● Collected data
=-=-=

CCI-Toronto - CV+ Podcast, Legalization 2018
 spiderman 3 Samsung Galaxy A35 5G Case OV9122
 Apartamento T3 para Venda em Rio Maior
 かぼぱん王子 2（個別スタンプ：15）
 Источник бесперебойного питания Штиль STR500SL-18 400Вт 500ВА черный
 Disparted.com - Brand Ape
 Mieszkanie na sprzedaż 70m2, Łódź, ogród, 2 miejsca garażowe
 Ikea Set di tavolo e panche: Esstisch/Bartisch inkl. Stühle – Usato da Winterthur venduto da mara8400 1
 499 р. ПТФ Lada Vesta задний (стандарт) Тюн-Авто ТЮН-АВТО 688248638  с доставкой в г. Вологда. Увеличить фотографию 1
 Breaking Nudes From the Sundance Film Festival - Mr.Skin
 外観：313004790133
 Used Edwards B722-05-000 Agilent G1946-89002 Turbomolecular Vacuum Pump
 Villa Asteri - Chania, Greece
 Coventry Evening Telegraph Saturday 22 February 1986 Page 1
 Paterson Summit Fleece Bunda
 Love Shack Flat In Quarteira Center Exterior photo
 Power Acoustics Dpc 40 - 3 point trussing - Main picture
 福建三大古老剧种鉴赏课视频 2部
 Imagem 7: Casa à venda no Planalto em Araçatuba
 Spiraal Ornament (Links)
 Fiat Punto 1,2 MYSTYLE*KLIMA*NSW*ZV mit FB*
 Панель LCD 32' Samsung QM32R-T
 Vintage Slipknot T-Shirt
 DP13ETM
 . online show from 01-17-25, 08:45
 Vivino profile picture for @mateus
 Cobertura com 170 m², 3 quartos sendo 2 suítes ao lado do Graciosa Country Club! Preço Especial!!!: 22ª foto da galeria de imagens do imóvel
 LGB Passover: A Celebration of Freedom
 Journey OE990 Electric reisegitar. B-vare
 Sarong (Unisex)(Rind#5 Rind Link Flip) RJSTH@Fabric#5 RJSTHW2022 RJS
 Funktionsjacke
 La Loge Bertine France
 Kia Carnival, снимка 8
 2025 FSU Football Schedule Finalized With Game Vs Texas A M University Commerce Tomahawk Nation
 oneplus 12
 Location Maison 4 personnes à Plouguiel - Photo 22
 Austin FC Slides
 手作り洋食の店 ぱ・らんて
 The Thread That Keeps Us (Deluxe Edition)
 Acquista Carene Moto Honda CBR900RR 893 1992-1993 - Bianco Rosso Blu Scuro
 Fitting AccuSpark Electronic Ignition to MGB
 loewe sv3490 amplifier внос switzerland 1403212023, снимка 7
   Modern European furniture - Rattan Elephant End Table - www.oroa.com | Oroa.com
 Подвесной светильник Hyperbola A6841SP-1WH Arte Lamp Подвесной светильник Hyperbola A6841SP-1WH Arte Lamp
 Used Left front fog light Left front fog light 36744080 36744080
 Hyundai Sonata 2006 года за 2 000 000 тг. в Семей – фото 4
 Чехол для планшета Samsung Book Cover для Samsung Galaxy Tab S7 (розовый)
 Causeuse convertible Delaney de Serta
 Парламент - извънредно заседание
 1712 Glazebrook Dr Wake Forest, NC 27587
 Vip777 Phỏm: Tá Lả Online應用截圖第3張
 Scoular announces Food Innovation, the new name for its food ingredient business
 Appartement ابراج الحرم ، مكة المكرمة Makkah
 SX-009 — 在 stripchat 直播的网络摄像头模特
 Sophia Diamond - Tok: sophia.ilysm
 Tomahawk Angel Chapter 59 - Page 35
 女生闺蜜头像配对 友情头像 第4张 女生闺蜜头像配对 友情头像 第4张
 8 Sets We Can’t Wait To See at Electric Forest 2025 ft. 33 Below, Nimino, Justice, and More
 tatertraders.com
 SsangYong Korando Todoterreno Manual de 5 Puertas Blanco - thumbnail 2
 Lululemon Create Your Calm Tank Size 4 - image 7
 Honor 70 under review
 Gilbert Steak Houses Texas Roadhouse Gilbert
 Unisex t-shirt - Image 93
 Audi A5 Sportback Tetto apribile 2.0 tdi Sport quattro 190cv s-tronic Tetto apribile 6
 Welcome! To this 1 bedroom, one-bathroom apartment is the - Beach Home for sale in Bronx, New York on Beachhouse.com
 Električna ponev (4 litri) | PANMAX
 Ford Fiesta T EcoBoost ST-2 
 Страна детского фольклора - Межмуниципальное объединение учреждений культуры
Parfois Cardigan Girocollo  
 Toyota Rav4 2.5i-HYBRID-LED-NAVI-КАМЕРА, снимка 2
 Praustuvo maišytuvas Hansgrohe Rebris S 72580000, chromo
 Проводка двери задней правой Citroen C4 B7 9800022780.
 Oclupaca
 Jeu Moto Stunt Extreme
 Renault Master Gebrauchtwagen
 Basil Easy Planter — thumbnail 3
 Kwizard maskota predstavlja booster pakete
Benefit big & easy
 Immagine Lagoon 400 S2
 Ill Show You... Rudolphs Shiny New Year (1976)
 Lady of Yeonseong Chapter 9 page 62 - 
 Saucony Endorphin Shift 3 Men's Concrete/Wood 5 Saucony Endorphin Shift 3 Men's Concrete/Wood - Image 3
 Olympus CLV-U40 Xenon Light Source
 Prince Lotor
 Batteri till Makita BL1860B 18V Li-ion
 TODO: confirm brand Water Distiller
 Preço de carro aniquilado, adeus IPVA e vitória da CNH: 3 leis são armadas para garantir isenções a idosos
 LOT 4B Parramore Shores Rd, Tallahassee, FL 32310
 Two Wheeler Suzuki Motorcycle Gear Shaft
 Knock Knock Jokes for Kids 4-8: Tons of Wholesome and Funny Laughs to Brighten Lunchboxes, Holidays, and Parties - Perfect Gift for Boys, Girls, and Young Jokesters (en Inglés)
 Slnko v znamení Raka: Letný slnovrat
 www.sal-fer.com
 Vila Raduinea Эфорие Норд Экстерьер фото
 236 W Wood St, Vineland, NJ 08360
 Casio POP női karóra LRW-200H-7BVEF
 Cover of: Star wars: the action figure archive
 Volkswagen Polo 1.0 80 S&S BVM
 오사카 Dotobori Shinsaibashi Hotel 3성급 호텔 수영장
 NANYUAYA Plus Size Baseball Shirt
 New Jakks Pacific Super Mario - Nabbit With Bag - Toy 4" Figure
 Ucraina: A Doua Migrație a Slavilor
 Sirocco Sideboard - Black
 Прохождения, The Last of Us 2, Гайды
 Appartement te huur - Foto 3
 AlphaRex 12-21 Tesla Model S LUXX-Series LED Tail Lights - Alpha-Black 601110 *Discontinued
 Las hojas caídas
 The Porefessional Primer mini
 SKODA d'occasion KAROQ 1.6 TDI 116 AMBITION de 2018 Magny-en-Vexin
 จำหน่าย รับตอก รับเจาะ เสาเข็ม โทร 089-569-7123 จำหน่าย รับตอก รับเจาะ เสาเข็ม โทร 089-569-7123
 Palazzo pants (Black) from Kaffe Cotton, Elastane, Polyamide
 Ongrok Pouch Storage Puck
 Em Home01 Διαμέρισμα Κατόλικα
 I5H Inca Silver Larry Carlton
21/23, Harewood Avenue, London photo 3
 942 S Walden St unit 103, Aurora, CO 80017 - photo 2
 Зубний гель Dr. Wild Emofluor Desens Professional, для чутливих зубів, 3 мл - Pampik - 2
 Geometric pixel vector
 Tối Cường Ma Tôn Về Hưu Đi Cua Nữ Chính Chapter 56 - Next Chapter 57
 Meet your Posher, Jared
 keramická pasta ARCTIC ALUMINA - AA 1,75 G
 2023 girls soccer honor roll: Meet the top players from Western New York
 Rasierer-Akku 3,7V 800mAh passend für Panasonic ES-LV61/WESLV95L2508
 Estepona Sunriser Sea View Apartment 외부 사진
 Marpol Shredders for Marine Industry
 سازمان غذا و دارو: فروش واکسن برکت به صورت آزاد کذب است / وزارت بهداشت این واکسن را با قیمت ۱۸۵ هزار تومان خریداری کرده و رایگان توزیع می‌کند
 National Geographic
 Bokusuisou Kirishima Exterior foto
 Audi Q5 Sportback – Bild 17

=-=-=

● Exercise directions
Give back, exactly as written, the stretch from the line with "Scoular announces Food" through the line with "Ill Show You...", and no other lines from the records above.

● Response area
 Scoular announces Food Innovation, the new name for its food ingredient business
 Appartement ابراج الحرم ، مكة المكرمة Makkah
 SX-009 — 在 stripchat 直播的网络摄像头模特
 Sophia Diamond - Tok: sophia.ilysm
 Tomahawk Angel Chapter 59 - Page 35
 女生闺蜜头像配对 友情头像 第4张 女生闺蜜头像配对 友情头像 第4张
 8 Sets We Can’t Wait To See at Electric Forest 2025 ft. 33 Below, Nimino, Justice, and More
 tatertraders.com
 SsangYong Korando Todoterreno Manual de 5 Puertas Blanco - thumbnail 2
 Lululemon Create Your Calm Tank Size 4 - image 7
 Honor 70 under review
 Gilbert Steak Houses Texas Roadhouse Gilbert
 Unisex t-shirt - Image 93
 Audi A5 Sportback Tetto apribile 2.0 tdi Sport quattro 190cv s-tronic Tetto apribile 6
 Welcome! To this 1 bedroom, one-bathroom apartment is the - Beach Home for sale in Bronx, New York on Beachhouse.com
 Električna ponev (4 litri) | PANMAX
 Ford Fiesta T EcoBoost ST-2 
 Страна детского фольклора - Межмуниципальное объединение учреждений культуры
Parfois Cardigan Girocollo  
 Toyota Rav4 2.5i-HYBRID-LED-NAVI-КАМЕРА, снимка 2
 Praustuvo maišytuvas Hansgrohe Rebris S 72580000, chromo
 Проводка двери задней правой Citroen C4 B7 9800022780.
 Oclupaca
 Jeu Moto Stunt Extreme
 Renault Master Gebrauchtwagen
 Basil Easy Planter — thumbnail 3
 Kwizard maskota predstavlja booster pakete
Benefit big & easy
 Immagine Lagoon 400 S2
 Ill Show You... Rudolphs Shiny New Year (1976)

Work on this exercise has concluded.